エルンスト・ガンペールは、1965年ドイツ・ミュンヘン生まれのアーティスト。高校を卒業する89年頃、すでに木を用いたものづくりの可能性を探っていたガンペールは、家具職人の道を進むことを決意。家具制作に励むなかで、ウッドターニングに魅せられたガンペールは、独学でその技術や木材の研究を重ねた。
90年には、オーストリアとの国境にも近いアルプス山脈の麓の村・トラウヒガウに最初のアトリエを構え、自身の制作を開始。同地は、豊富な木材に囲まれた場所であることはもちろん、フリークライミングや自転車などのスポーツを好むガンペールにとって絶好の場所だったという。

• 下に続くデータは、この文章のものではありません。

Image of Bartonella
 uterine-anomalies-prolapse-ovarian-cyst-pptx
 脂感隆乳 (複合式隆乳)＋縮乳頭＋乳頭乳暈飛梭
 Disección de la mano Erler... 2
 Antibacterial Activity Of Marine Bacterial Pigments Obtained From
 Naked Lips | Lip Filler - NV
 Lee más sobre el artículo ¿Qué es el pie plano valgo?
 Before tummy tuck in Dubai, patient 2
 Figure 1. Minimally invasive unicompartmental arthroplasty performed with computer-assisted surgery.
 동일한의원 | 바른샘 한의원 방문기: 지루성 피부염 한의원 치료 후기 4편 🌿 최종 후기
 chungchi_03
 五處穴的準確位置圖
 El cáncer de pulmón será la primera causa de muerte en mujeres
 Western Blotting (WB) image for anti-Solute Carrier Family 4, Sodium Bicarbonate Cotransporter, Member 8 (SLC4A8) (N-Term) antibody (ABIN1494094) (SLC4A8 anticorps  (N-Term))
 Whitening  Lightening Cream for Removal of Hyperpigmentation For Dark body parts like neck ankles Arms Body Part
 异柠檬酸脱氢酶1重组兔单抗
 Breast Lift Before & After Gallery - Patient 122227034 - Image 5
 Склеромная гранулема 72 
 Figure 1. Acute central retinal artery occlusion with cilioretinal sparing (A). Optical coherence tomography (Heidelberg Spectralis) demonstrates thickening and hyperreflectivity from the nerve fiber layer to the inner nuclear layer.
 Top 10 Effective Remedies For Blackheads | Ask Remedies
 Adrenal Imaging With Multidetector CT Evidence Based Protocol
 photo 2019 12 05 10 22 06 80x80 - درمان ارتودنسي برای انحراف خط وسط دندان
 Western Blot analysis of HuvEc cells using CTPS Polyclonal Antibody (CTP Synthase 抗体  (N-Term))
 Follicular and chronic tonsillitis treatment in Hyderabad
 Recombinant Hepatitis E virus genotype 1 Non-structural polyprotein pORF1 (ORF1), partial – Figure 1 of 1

ガンペールの最初の作品は、紙のように薄いメープルを使った木製の器であり、これが高い評価を受けた。のちにヒルデスハイムのデザインスクールでマイスターを取得し、プロとしてのキャリアをスタートさせると、スタジオ開設の3年後には、ドイツで権威のあるダナー賞を受賞。独自の作風で脚光を浴び、国際的に注目を集めるアーティストとなった。その作品は、ドイツをはじめ、イタリアやオーストラリア、日本など、世界各国の美術館やギャラリーで展示されている。
今回、ARTS&SCIENCEでは2010年、14年に続き、3回目となるガンペールの個展を開催。本展は、ロエベ・クラフト・プライズ2017の大賞受賞後、日本初となる個展であり、ARTS&SCIENCEのホームページでは「Behind the Scenes」と題して、ガンペールについて詳しく触れており、裏側のストーリーを見ることができる。